The network situation that currently represents the underlying enabling platform needs to be upgraded with much more capacity and this requires an increase in CAPEX spend than can be supported in the current economic cycle. The networks are congested during busy hours and data traffic has increased to such an extent that in parts of the network some customers maybe experiencing some level of sub-par performance. Earlier in the year, ATCON predicted that unless our members have access to favorable FOREX rates that further investments in much needed telecommunication equipment may come to a halt. So it appears that in Q2 2017 our predictions have come true and we call on Government to seriously allow telecommunication companies access to favorable FOREX window to aid import of much needed telecommunication infrastructure.
Why has telecom companies increased their charges, both calls and data?
To the contrary, telecommunication mobile services and other Fixed Wireless Services (FWA) prices have decreased year-on-year despite inflation increasing, cost of diesel to run generators at the base stations increasing, threats of increased multiple taxation being applied and numerous other levies being charged. The underlying cost of providing telecommunication services to our members’ operations for both voice and data within Nigeria is very high and the price charged to the consumer is not in line with the cost of providing these services, so ATCON disagrees with this assertion.
How has the recession affected the telecom companies and what can they to survive this times?
The recession has caused a contraction in the spending habit of consumers and this has meant that the overall revenue attributed to the industry has trended negatively year-on-year. Any further elongation of recessionary effects will further put pressure on telecom companies operating margins and further place more pressure on our member companies to fund Operating Expenditure (OPEX) in an environment where the fixed costs are increasing. Most of our members have to adopt innovative solutions to survive .
What is expected of Nigerians and NCC with regards to the nonchalant attitude of network providers to the poor QoS being provided?

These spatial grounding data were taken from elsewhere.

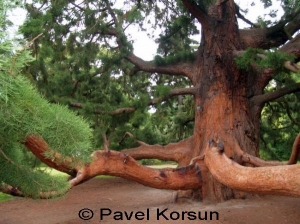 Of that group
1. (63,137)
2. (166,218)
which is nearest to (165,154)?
(166,218)

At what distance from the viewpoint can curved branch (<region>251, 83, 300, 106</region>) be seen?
6.45m

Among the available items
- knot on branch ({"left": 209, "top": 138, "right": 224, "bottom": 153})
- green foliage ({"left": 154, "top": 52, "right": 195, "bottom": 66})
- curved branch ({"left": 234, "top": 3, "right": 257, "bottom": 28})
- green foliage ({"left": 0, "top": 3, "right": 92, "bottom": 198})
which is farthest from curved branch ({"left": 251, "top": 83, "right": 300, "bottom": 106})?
green foliage ({"left": 0, "top": 3, "right": 92, "bottom": 198})

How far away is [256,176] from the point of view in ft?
11.6

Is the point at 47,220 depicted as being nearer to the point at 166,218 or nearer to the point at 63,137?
the point at 166,218

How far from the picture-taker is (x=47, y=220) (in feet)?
19.7

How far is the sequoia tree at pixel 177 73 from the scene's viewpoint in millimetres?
5851

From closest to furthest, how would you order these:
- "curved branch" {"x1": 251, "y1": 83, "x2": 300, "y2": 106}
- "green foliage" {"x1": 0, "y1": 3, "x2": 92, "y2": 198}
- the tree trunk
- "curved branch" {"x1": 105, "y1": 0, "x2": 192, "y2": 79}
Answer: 1. "green foliage" {"x1": 0, "y1": 3, "x2": 92, "y2": 198}
2. "curved branch" {"x1": 251, "y1": 83, "x2": 300, "y2": 106}
3. the tree trunk
4. "curved branch" {"x1": 105, "y1": 0, "x2": 192, "y2": 79}

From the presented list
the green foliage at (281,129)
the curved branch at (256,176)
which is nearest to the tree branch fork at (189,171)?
the curved branch at (256,176)

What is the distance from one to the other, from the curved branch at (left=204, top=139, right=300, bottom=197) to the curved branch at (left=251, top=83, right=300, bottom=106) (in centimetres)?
244

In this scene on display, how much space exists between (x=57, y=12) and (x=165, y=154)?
3.42 metres

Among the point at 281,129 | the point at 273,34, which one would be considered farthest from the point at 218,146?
the point at 281,129

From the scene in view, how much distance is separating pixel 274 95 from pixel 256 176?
3.61 meters

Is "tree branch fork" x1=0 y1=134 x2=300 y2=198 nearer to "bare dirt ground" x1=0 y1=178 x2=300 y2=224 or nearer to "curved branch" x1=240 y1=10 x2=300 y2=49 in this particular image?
"bare dirt ground" x1=0 y1=178 x2=300 y2=224

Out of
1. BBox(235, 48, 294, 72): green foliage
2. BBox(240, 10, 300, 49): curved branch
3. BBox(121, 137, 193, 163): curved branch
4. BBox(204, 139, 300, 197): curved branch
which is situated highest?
BBox(240, 10, 300, 49): curved branch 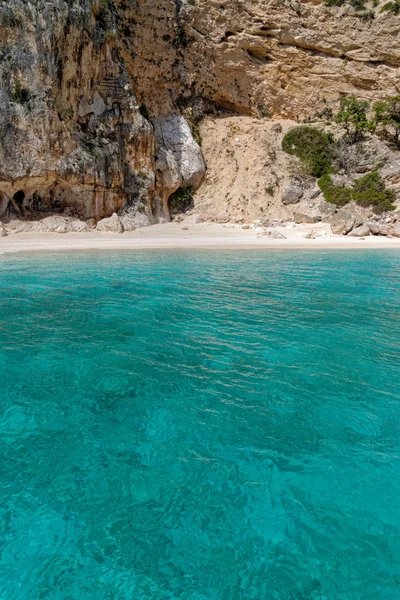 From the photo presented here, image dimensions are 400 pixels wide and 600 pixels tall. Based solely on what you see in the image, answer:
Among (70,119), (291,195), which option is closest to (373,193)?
(291,195)

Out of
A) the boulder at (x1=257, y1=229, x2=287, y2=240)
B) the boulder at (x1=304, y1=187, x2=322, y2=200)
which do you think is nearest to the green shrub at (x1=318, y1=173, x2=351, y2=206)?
the boulder at (x1=304, y1=187, x2=322, y2=200)

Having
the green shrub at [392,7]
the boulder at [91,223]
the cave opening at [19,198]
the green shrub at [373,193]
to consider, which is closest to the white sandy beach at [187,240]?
the boulder at [91,223]

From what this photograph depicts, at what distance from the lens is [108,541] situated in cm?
238

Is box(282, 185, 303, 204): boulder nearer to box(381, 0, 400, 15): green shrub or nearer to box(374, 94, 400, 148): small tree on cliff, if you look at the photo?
box(374, 94, 400, 148): small tree on cliff

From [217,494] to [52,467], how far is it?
1.32 meters

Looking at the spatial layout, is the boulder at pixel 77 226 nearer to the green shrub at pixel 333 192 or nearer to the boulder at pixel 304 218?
the boulder at pixel 304 218

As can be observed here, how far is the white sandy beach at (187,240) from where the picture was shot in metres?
17.9

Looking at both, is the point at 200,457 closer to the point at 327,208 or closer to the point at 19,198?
A: the point at 19,198

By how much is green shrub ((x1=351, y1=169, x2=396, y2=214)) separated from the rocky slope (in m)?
5.13

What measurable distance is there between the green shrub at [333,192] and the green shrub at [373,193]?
0.50m

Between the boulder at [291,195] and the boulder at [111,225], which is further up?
the boulder at [291,195]

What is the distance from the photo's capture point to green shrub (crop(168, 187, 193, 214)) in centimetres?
2928

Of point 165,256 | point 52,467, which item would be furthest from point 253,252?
point 52,467

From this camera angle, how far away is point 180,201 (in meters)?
29.5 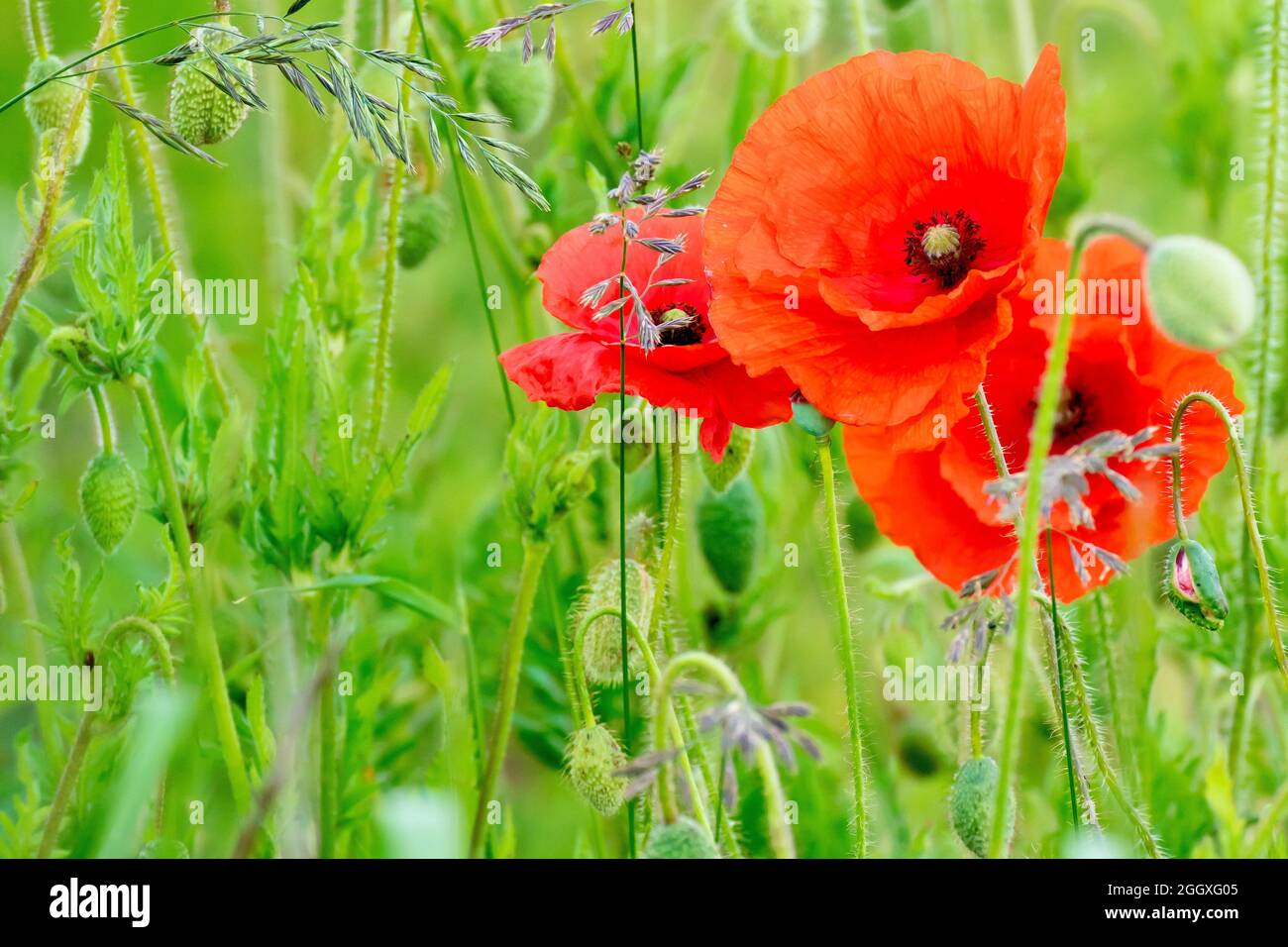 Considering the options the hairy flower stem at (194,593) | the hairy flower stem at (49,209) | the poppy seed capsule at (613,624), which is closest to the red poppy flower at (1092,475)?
the poppy seed capsule at (613,624)

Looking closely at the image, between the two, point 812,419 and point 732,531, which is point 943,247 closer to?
point 812,419

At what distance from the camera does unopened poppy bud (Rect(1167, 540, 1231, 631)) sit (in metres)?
0.73

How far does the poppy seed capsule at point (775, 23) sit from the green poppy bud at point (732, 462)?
0.34 meters

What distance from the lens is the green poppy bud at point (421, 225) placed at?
3.68ft

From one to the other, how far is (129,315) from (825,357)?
400mm

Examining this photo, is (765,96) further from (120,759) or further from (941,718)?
(120,759)

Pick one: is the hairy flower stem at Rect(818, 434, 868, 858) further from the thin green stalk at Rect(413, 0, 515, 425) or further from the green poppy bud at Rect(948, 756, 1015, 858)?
the thin green stalk at Rect(413, 0, 515, 425)

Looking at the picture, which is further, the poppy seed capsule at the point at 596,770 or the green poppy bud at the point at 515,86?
the green poppy bud at the point at 515,86

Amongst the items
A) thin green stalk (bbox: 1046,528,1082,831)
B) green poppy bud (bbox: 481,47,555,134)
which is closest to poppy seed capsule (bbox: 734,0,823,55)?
green poppy bud (bbox: 481,47,555,134)

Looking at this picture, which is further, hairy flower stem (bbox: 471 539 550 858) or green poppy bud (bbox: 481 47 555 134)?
green poppy bud (bbox: 481 47 555 134)

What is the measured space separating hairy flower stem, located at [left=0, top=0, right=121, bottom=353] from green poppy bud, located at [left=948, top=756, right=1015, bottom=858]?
0.60 m

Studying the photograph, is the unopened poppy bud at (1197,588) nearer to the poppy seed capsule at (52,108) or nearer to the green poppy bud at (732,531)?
the green poppy bud at (732,531)

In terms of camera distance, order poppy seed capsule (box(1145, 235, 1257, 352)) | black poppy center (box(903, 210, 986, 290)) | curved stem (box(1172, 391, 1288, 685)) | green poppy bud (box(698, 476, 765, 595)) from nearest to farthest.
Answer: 1. poppy seed capsule (box(1145, 235, 1257, 352))
2. curved stem (box(1172, 391, 1288, 685))
3. black poppy center (box(903, 210, 986, 290))
4. green poppy bud (box(698, 476, 765, 595))

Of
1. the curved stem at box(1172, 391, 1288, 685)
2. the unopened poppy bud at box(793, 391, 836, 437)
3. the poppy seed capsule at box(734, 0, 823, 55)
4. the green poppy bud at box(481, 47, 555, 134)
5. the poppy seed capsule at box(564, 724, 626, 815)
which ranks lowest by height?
the poppy seed capsule at box(564, 724, 626, 815) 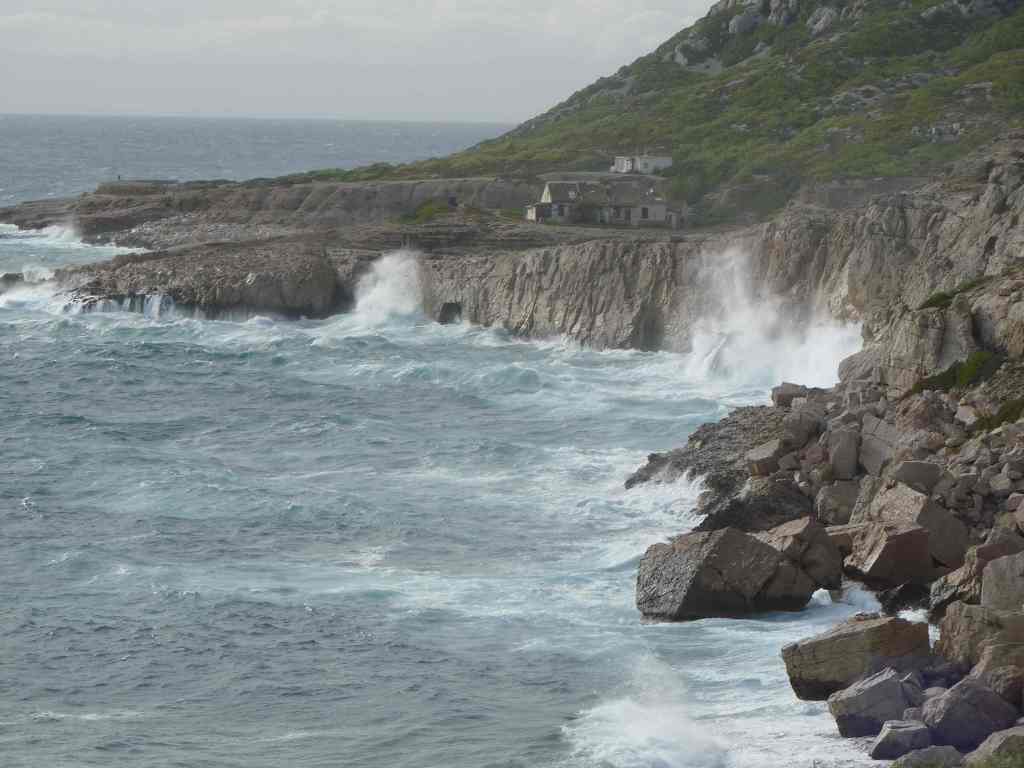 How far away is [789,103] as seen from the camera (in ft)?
442

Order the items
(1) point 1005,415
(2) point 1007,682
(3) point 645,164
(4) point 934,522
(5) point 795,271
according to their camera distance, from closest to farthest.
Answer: (2) point 1007,682, (4) point 934,522, (1) point 1005,415, (5) point 795,271, (3) point 645,164

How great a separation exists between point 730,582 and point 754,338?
3425 centimetres

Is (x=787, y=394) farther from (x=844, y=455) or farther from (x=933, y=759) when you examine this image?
(x=933, y=759)

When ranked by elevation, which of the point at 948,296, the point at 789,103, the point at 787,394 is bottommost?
the point at 787,394

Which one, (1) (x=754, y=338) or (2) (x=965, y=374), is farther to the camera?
(1) (x=754, y=338)

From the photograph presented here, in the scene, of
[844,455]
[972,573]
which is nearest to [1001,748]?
[972,573]

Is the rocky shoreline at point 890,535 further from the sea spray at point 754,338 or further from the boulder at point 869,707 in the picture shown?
the sea spray at point 754,338

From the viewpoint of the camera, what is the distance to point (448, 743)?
29.8 metres

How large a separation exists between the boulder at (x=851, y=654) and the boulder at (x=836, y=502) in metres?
9.59

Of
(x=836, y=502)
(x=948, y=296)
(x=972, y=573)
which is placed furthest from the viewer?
(x=948, y=296)

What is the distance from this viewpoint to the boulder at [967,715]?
88.3ft

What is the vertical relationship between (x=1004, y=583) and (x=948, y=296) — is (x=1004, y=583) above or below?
below

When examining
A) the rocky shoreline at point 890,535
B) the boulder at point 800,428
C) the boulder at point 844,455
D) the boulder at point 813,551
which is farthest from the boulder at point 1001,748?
the boulder at point 800,428

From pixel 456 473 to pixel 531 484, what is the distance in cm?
320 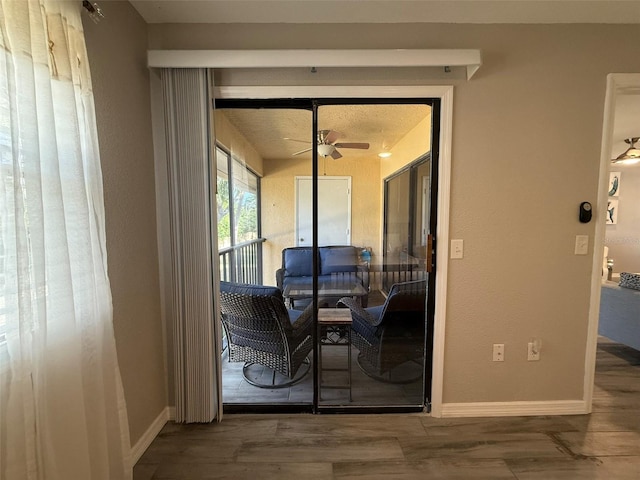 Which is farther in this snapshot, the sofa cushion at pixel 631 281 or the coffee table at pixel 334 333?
the sofa cushion at pixel 631 281

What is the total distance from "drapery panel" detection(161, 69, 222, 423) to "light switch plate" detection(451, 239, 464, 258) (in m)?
1.57

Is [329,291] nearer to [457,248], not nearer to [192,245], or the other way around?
[457,248]

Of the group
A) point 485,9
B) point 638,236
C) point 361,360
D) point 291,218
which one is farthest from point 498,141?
point 638,236

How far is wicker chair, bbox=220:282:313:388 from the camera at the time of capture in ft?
6.74

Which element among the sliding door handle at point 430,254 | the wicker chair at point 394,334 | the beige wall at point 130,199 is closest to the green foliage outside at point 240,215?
the beige wall at point 130,199

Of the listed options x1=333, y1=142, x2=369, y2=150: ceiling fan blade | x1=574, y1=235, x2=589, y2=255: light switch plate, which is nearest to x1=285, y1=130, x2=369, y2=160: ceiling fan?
x1=333, y1=142, x2=369, y2=150: ceiling fan blade

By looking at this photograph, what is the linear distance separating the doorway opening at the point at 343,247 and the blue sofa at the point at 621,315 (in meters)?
2.13

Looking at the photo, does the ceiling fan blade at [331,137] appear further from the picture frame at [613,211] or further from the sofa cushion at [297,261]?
the picture frame at [613,211]

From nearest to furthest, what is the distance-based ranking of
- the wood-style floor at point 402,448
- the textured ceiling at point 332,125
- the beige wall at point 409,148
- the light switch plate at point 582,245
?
the wood-style floor at point 402,448 → the light switch plate at point 582,245 → the beige wall at point 409,148 → the textured ceiling at point 332,125

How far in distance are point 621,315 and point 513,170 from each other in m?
2.16

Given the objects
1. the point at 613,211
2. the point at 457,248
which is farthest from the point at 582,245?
the point at 613,211

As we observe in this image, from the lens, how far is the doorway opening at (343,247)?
2.04 meters

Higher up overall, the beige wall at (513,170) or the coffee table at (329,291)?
the beige wall at (513,170)

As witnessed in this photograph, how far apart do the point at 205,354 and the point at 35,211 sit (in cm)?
127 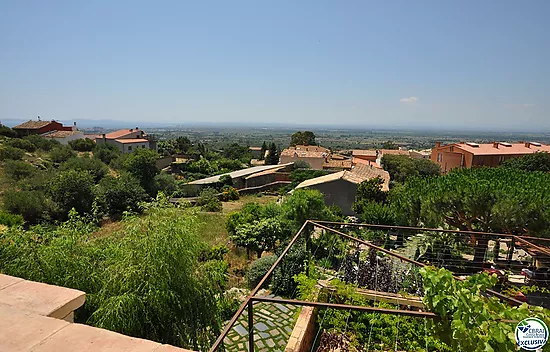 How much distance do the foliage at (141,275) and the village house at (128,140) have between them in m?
40.3

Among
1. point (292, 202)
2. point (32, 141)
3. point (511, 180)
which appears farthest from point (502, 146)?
point (32, 141)

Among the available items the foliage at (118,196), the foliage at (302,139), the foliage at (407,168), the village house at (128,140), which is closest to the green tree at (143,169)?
the foliage at (118,196)

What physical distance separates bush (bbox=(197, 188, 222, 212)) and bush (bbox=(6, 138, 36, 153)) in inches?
780

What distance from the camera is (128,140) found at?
4438cm

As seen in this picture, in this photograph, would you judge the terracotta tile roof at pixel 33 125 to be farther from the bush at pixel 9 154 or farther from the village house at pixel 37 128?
the bush at pixel 9 154

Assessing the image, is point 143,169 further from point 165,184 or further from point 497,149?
point 497,149

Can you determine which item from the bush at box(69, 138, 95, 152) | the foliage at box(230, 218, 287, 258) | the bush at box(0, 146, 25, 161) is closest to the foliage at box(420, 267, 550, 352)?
the foliage at box(230, 218, 287, 258)

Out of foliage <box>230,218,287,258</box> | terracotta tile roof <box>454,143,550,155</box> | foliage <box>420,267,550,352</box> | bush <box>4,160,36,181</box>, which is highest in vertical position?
foliage <box>420,267,550,352</box>

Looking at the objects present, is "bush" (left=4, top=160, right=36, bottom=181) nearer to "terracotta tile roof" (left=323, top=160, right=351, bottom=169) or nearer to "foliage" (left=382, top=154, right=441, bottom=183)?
"terracotta tile roof" (left=323, top=160, right=351, bottom=169)

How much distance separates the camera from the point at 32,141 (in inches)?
1308

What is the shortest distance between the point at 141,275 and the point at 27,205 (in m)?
19.1

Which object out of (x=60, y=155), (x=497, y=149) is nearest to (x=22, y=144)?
(x=60, y=155)

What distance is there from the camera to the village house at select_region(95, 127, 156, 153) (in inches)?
1674

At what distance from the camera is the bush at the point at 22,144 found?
30.5 metres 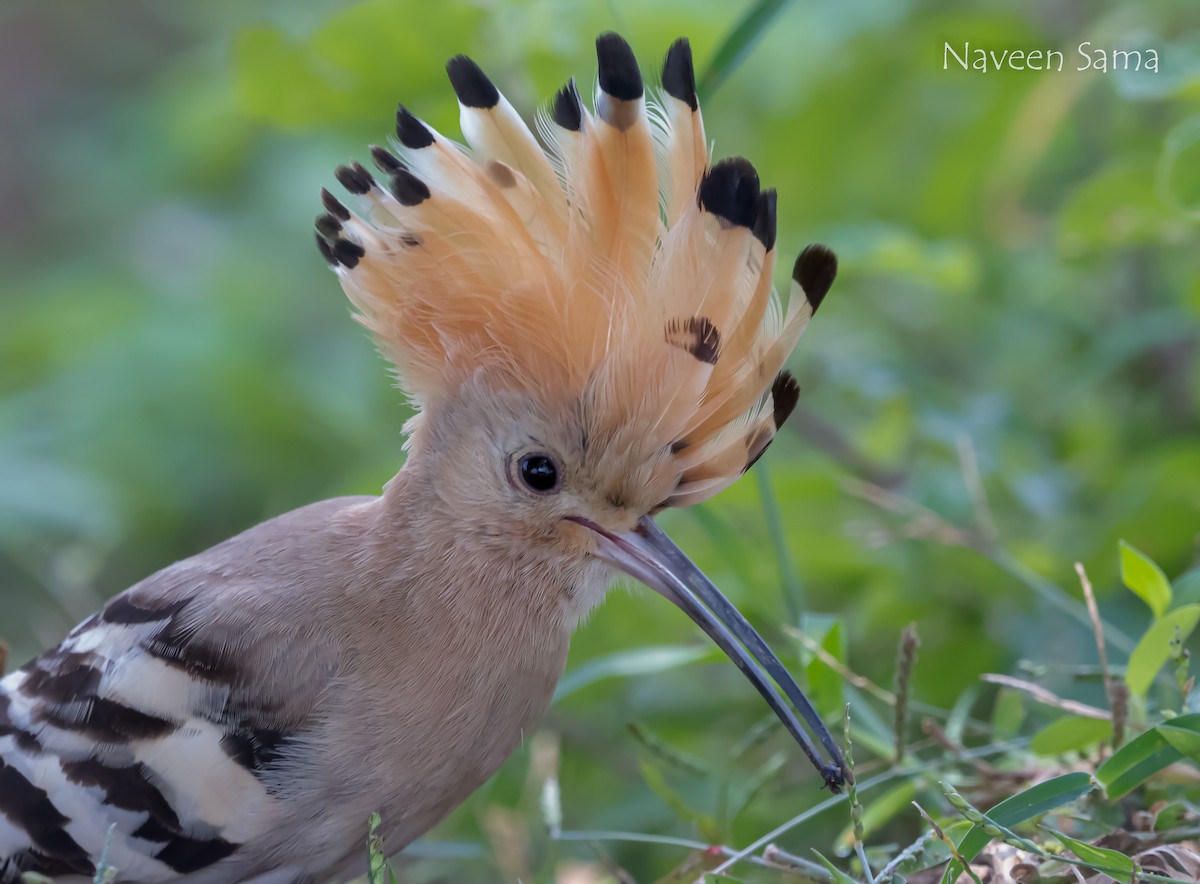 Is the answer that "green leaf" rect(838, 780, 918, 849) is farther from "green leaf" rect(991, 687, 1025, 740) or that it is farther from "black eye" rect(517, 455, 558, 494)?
"black eye" rect(517, 455, 558, 494)

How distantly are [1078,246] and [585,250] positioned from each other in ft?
3.76

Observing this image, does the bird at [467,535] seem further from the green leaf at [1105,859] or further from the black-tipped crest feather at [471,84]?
the green leaf at [1105,859]

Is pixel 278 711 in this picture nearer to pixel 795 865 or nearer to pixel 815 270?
pixel 795 865

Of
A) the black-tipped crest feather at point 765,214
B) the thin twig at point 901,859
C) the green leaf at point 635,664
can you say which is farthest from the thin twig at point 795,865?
the black-tipped crest feather at point 765,214

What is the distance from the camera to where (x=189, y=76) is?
4.64 m

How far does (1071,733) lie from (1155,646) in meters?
0.16

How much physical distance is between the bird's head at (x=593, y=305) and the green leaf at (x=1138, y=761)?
34cm

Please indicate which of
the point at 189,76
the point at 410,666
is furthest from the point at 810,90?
the point at 189,76

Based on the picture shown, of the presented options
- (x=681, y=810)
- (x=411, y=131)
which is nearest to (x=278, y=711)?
(x=681, y=810)

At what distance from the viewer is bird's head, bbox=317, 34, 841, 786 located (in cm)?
168

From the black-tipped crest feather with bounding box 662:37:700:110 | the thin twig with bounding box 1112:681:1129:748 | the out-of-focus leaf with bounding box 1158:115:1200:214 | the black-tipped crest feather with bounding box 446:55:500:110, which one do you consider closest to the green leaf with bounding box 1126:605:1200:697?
the thin twig with bounding box 1112:681:1129:748

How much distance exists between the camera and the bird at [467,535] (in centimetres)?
171

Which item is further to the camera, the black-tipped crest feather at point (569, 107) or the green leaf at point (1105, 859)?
the black-tipped crest feather at point (569, 107)

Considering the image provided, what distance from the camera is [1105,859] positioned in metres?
1.38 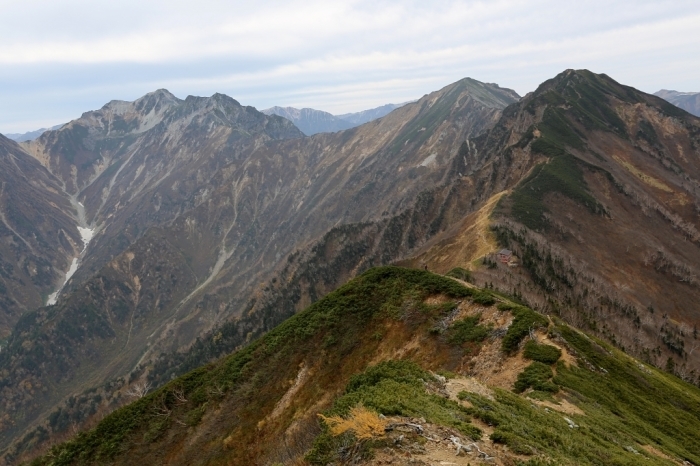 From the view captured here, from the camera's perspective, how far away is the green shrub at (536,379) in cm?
3484

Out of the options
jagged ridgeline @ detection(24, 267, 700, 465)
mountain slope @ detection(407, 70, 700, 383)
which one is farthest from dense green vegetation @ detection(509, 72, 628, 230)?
jagged ridgeline @ detection(24, 267, 700, 465)

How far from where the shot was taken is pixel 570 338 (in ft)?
142

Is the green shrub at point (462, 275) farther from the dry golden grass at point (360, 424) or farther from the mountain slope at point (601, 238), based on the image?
the dry golden grass at point (360, 424)

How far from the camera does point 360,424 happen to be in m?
20.3

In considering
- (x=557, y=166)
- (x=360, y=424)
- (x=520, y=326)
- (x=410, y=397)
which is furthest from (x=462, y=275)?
(x=557, y=166)

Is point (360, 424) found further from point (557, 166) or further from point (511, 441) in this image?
point (557, 166)

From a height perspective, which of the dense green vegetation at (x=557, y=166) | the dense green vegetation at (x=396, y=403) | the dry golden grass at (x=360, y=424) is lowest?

The destruction of telecommunication equipment including optic fiber laid across the country needs to stop and NCC needs to be the vanguard in ensuring that telecommunication equipment including base stations, optic fiber and other critical assets are fully protected by law enforcement agents. Vandalisation and theft of telecommunication assets contributes significantly to dropped calls and adds to the poor quality of service noticed by the public. Nigerians need to be on the watch and look out for those in the society who are hell bent on destroying property and report these people to the appropriate authorities to stop this once and for all. Otherwise, poor quality of service will never go away.
Why is cheaper to call from other countries than Nigeria?
On-Net calls in Nigeria and International calls from Nigeria are competitively priced in Africa. If one is comparing with calls made in other climes outside Africa, then once we have a cost base that reflects 24-by-7 clean power from the power utility companies and do away with powering diesel generators at each base station then we can do a like-for-like comparison. Until then the industry requires a lot more billions of dollars of investment to bridge that gap.
How has the current vacilating nature of the Naira affected ICT business in Nigeria?
More Naira is required to purchase a dollar. So therefore, in a recession where customers and clients are spending fewer naira then this generates fewer dollars, so the net effect is that ICT equipment produced aboard can no longer be purchased at an affordable Naira equivalent rate and this impacts the ability of companies to grow at the rates expected in the past by management.
Has the CDMA any future in the current mix of ICT in Nigeria?
Very unlikely. GSM and LTE technology is pervasive in Nigeria and Africa at the moment. Can it be brought back to use? CDMA is migrating to LTE networks and then LTE-Advanced and 5G technology. The technology battle has already been won and decided.
Which network can your give a pass mark?
All networks are under QoS examination by the regulator (NCC) and once they’ve finished the examination the NCC will issue the results. We are waiting for NCC to release the results in the very near future.